▸ PROBLEM:
Pictures stay out of the copy. Retype exactly the lines below from the one with "Шкаф витрина Rimini" through the one with "Honda OE - Cooling".

▸ Entries taken from a collection:
══════════

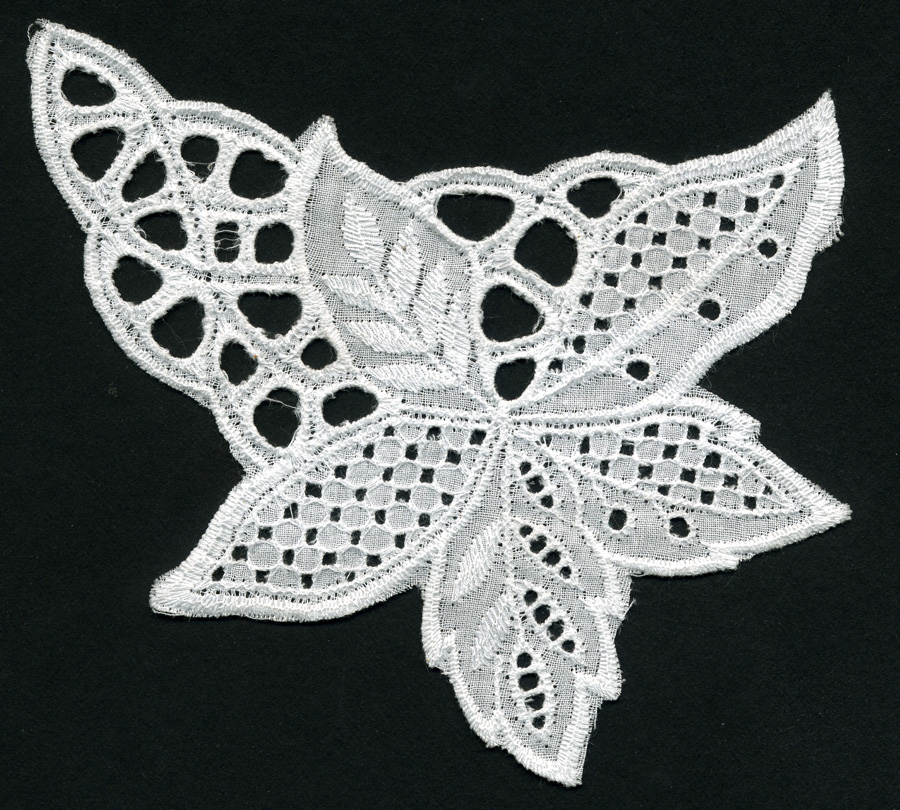 5+1/2" Cotton Eyelet Applique-White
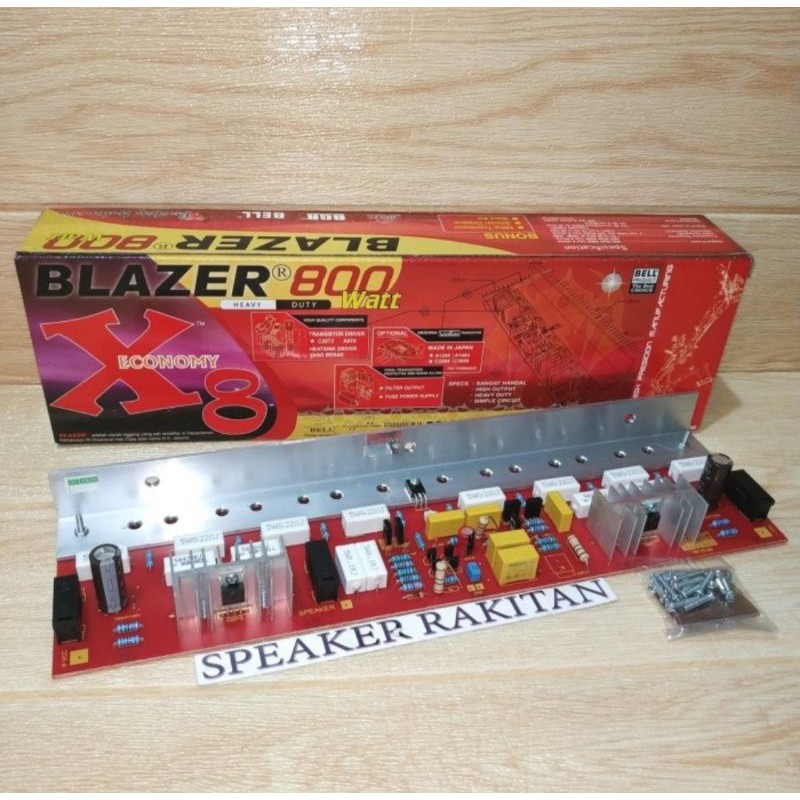 Kit Power Amplifier Mono 800Watt Blazer X8 ECONOMY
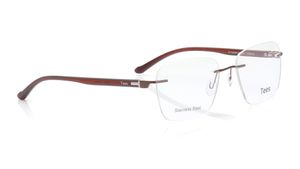 Image 2 of Brown Wayfarer Eyeglasses for Men and Women from Tees By Fastrack Available at Titan Eye+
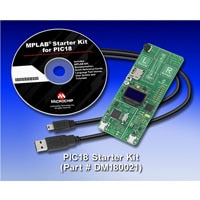 CD, cables, and starter kit board for the MPLAB starter kit for the PIC18 MPLAB Start Kit for PIC18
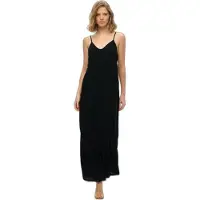 Superdry Cami Sleeveless Long Dress Noir L Femme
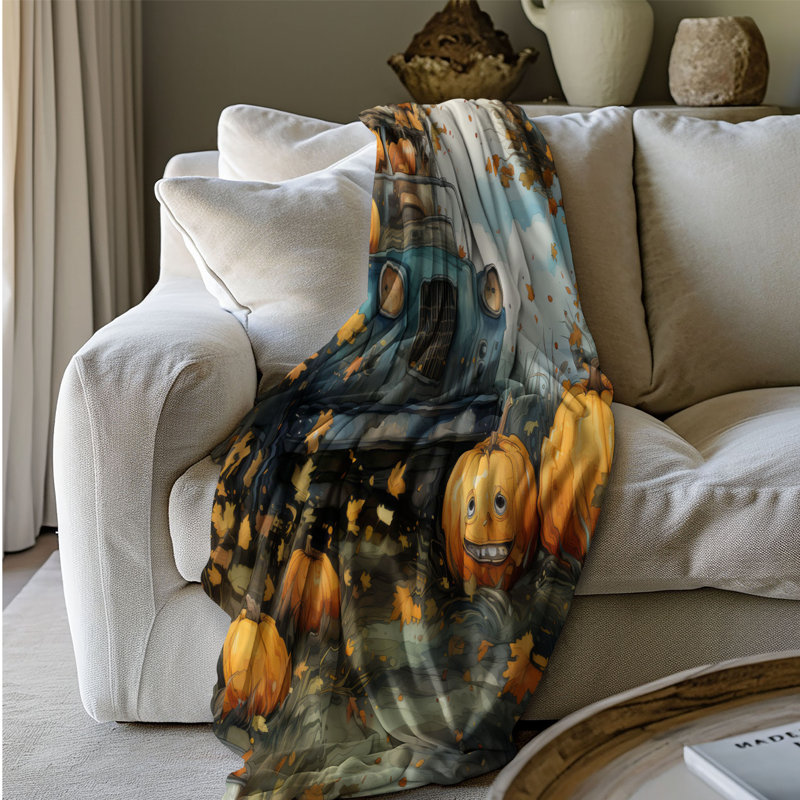 Autumn Haunts - 1 Piece Premium Blanket, Twin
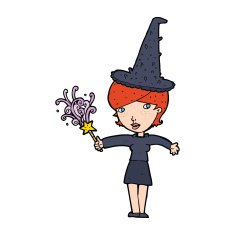 cartoon halloween witch N34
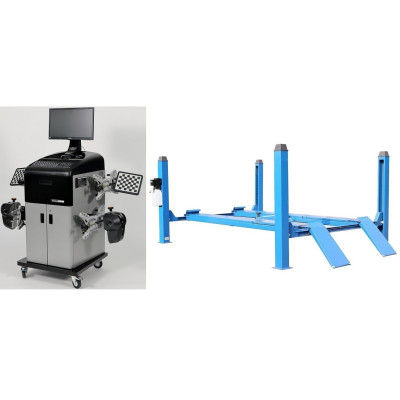 Комплект TS5.5D-4L Подъемник 4-хст. г/п 5,5 т, 380 V с траверсой 2,5+Т6202 Стенд сход развал 3D Комплект TS5.5D-4L Подъемник 4-хст. г/п 5,5 т, 380 V с траверсой 2,5+Т6202 Стенд сход развал 3D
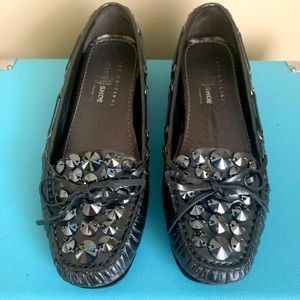 The Original Car Shoe (Prada) Metallic Loafer 35.5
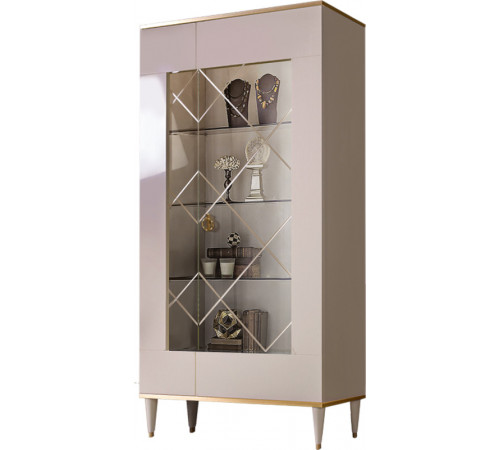 Шкаф витрина Rimini РМВ2-2С правый (слоновая кость)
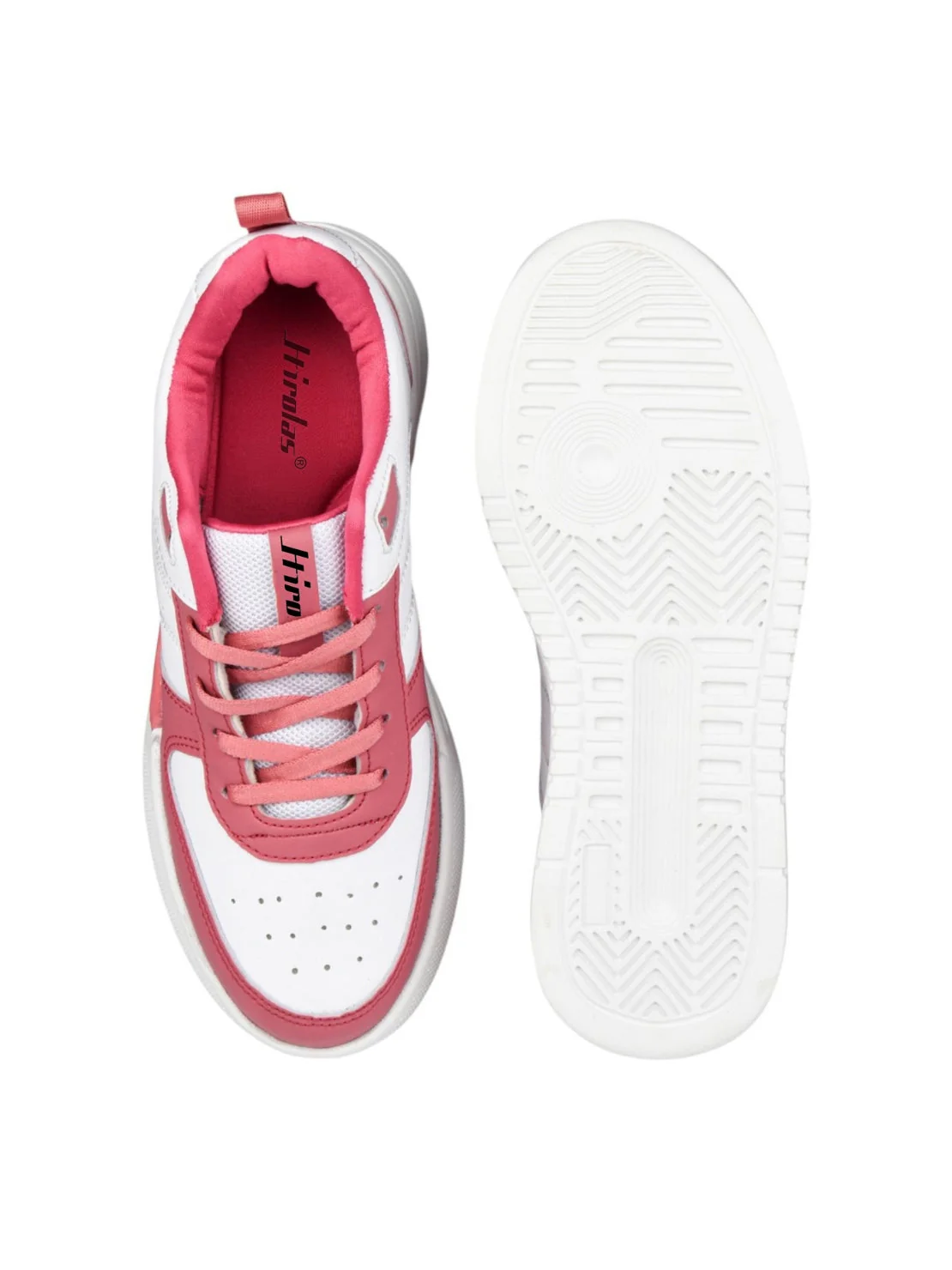 Hirolas Urbania Women's Everyday Comfort Sneaker_Shoes - White/Pink - Image 6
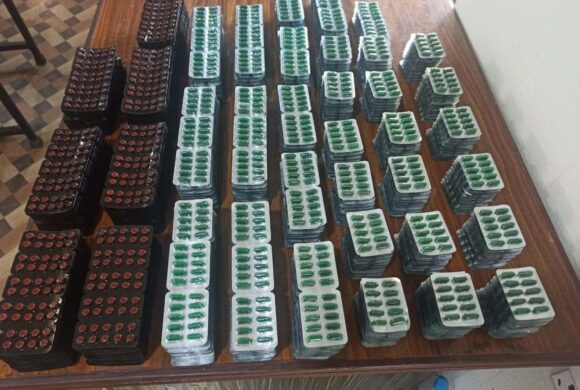 पथरी शनिश्चरे ४ स्थित धानखेतबाट प्रहरीद्धरा लागुऔषध बरामद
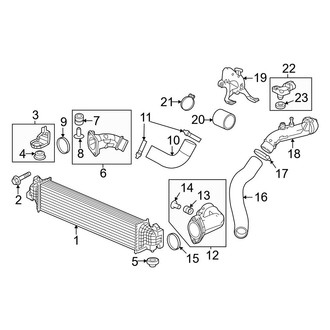 Honda OE - Cooling - Intercooler (Turbocharged 2.0L)
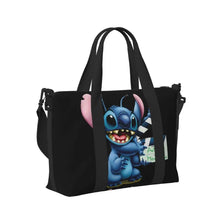 Load image into Gallery viewer, Custom Large SLilo And Stitch Cartoon Tote Bag Women Anime Shopping Shoulder Beach Gym Travel Bag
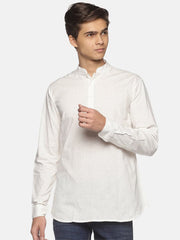 Men Solid Colour Slub Cotton Kurta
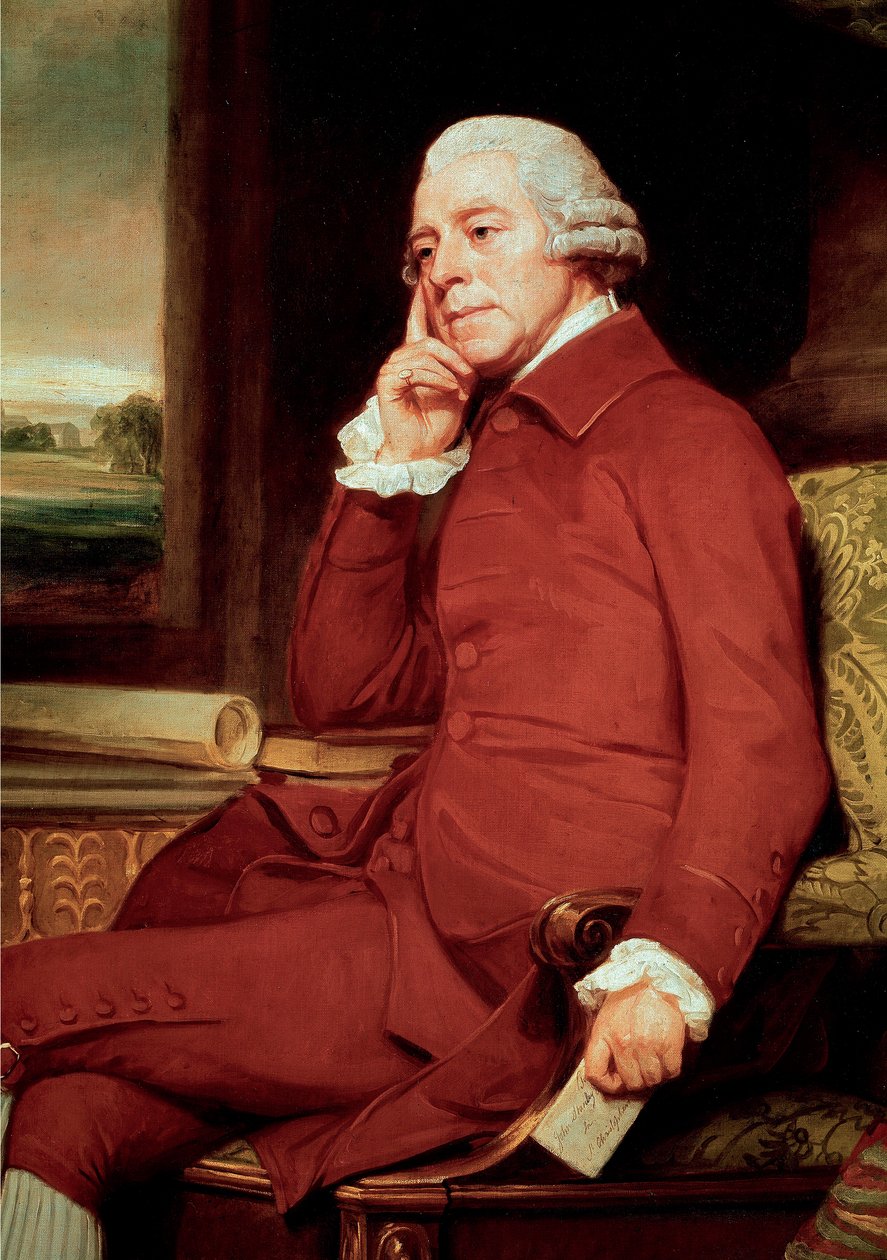 Portret Johna Stanleya (1712-1786) Brytyjski kompozytor Detal. Obraz George Romney (1734-1802) London National Portrait Gallery autorstwa George Romney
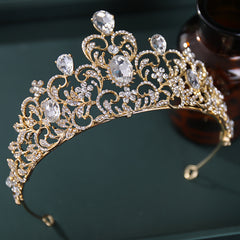 Colorful Rhinestone Crown Hairband Bridal Wedding Party Decor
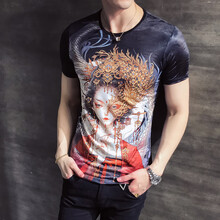 C2潮朝（C2 CHAO CHAO） 短袖 男士T恤  B333 T310 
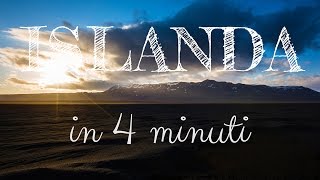 ISLANDA IN 4 MINUTI  Iceland road trip [upl. by Donatelli39]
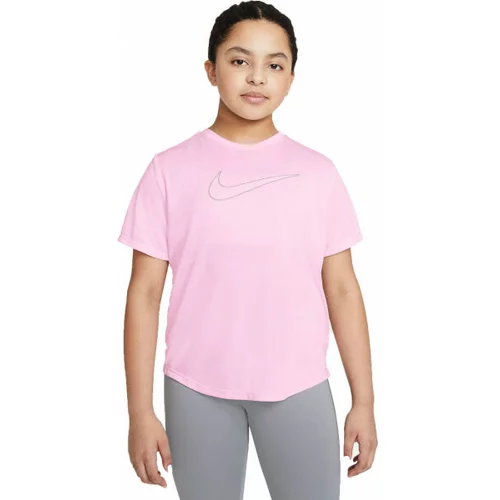 Nike DF ONE SS TOP GX G Majica kratkih rukava za djevojčice, ružičasta, veličina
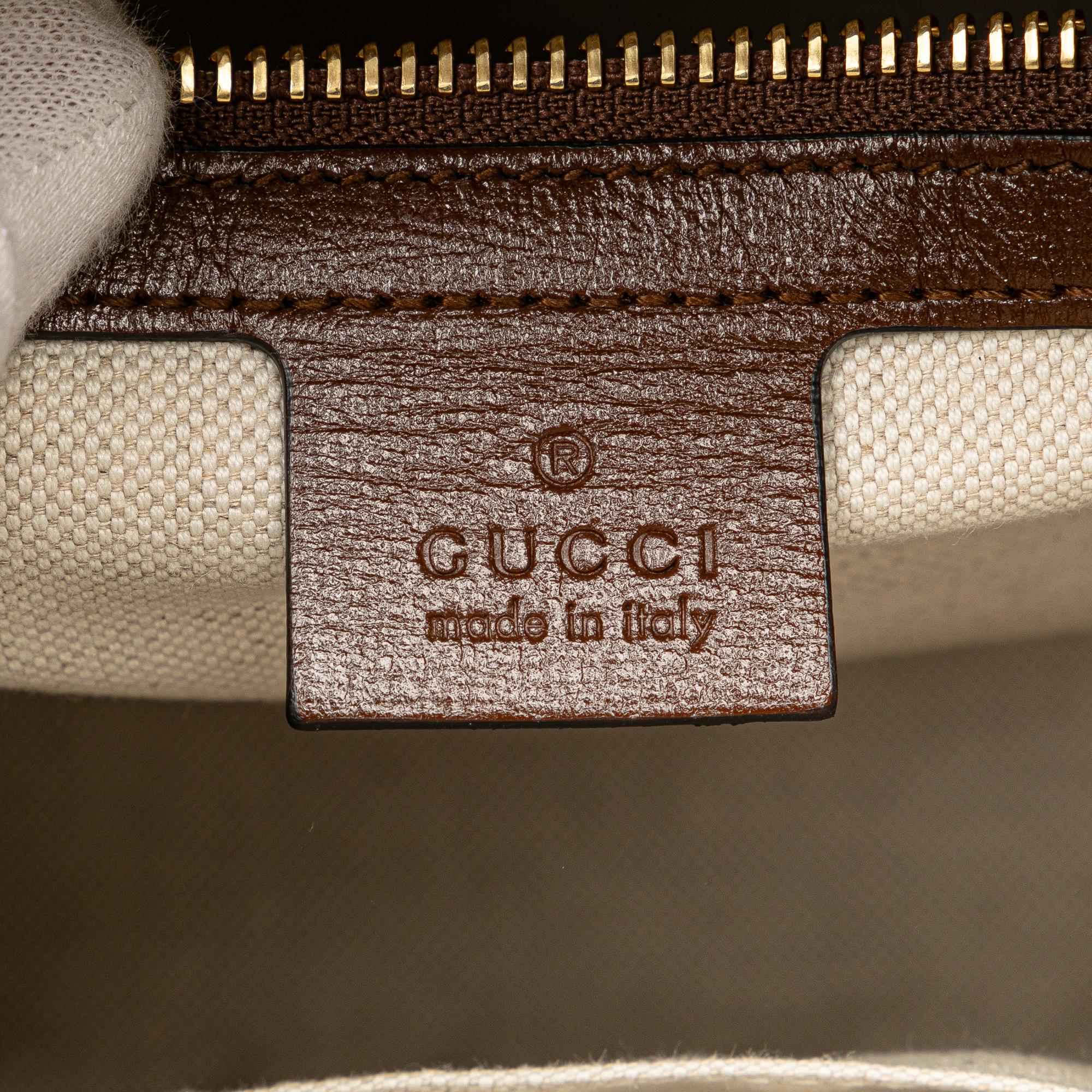 Gucci Small GG Supreme Horsebit 1955 Satchel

══════════

▸ SOLUTION:
 Шкаф витрина Rimini РМВ2-2С правый (слоновая кость)
 Hirolas Urbania Women's Everyday Comfort Sneaker_Shoes - White/Pink - Image 6
 पथरी शनिश्चरे ४ स्थित धानखेतबाट प्रहरीद्धरा लागुऔषध बरामद
 Honda OE - Cooling - Intercooler (Turbocharged 2.0L)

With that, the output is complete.